眼鏡の薄い硝子にさえ跳ね返される、立春のやさしく力強い光。二月の日差しはあたたかい。
携帯に目を奪われていたら見えてこないもの。住宅の向こうに揺れる木の、てっぺんの枝。信号待ちの寒い空の向こうに、星がちらついていること。娘に話しかけるお母さんの、声は聞こえないけど、安心と幸福に満ちた表情。
首元を冷やす風ですら、遮るのが惜しいほど、季節は愛おしい。


できるならなにも遮断しないで生きたい。

イヤホンをしていたら聞こえない音を聞きたい。鳥の声でも、エンジンの音でもいい。

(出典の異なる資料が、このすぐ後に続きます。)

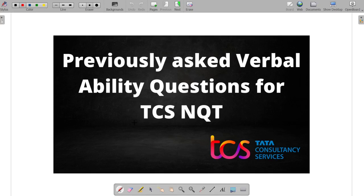Hello everyone, welcome back to the channel. I hope you all are doing absolutely well. In today's video we are going to solve some verbal ability questions which were previously asked in TCS-NQT. We are going to see the complete details of each question — how it is solved and what kind of questions are generally asked in TCS-NQT.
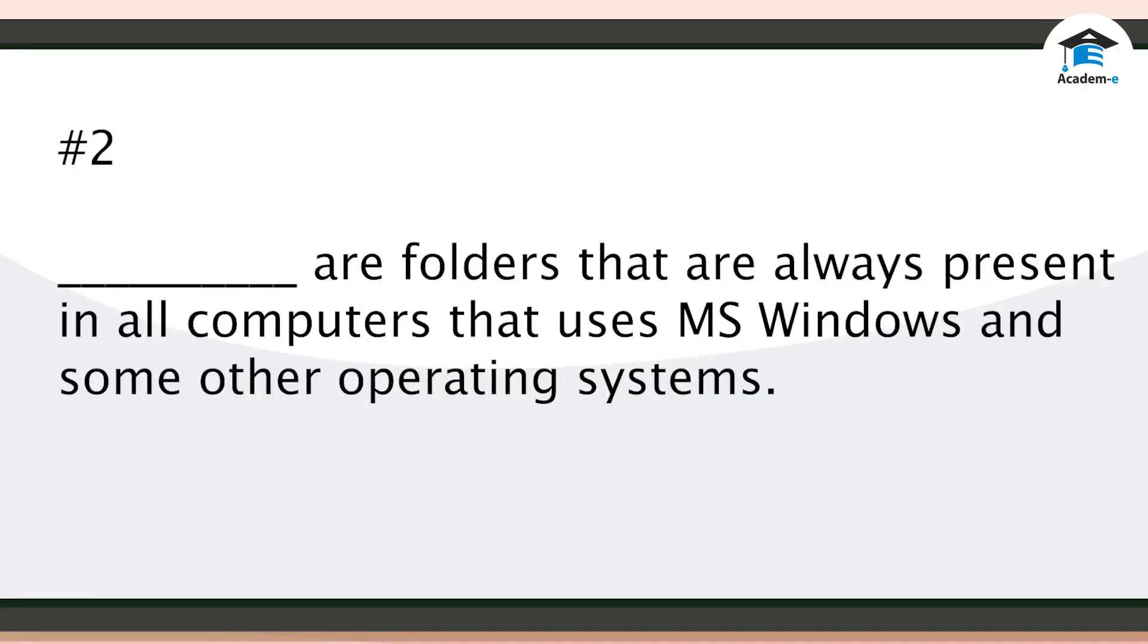2. Blank are folders that are always present in all computers that use MS Windows and some other operating systems. Default folders are folders that are always present in all computers that use MS Windows and some other operating systems.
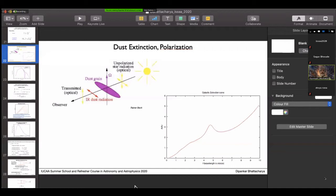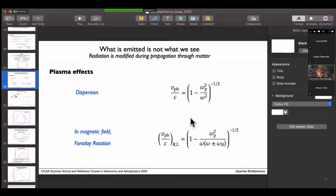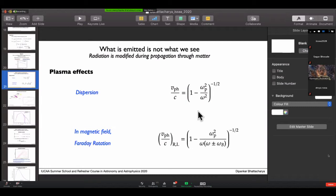Question: In the plasma dispersion formula, phase velocity over c equals one minus omega_p squared over omega squared to the minus one-half, which exceeds c when omega is greater than omega_p — is this allowed? Answer: Yes, phase velocity exceeding c is entirely allowed. The group velocity, at which energy propagates, is always less than c. So there is no violation of relativity.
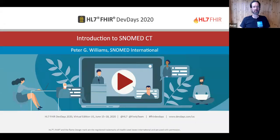Hi, I'm Peter Groves-Williams. I'm a technical specialist with SNOMED International and this session will be an introduction to SNOMED with FHIR. I want to convey three things today: firstly, why SNOMED is great; how best to use it together with FHIR; and how that's going to help make your applications awesome, and also safe, fit for purpose, and a bunch of other good stuff.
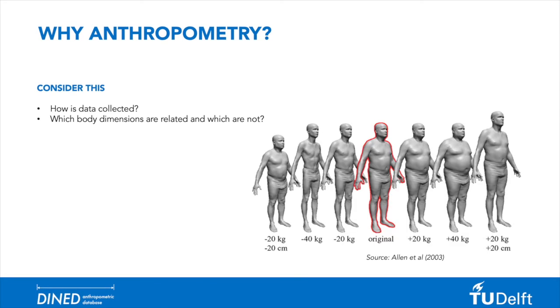Besides that, when analyzing a single measure for product sizing, it should be considered that other measures could be correlated. Maybe you should make other adjustments. This question will be covered in the next module.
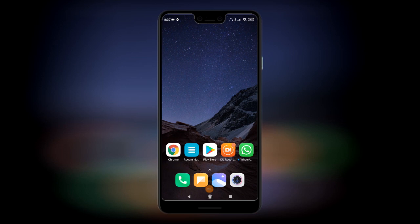Hello everyone, hope you are doing okay. In this video I'm going to show you how to get WhatsApp widgets working on Android 10 for Xiaomi phones.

自慢し合う中学生の声、電話口で平謝りするサラリーマン、転がる空き缶の音、誰かの携帯のバイブ。
ぼんやりと、遠くにいる人のことを考えていたら、気にも留めないかもしれないもの。銀杏の色づき。電工表示板の不具合。
心配事に心を奪われる。そのときには、目の前の風景は見えていない。

日本美術の先生が言ってたこと、
"If your mind is not here, you are nowhere."


目の前の世界に、完全に浸っていたい。

ここにいない人のことを考えたり、見えるはずのものを遮ったり、感じるはずのものを拒否したりせずに。自分の周りにあるものを、全て受け容れたい。
凡庸なものでもいい。醜いものでもいい。
自分を嫌っているもの、自分を傷つけようとするもの、自分が嫌いなものでもいい。それがこの世界の営みだから。
過ぎてゆく時間のなかにある、すべてが愛おしい。

美しいものは、画面のなかの偽りのつながりのなかにはない。
目の前の景色のなかにある。

美術の先生はこう続けていた。
"Are you here? Or are you somewhere else? Where are you? And, who are you?"

わたしも、折に触れて、自分にこの言葉を問いかける。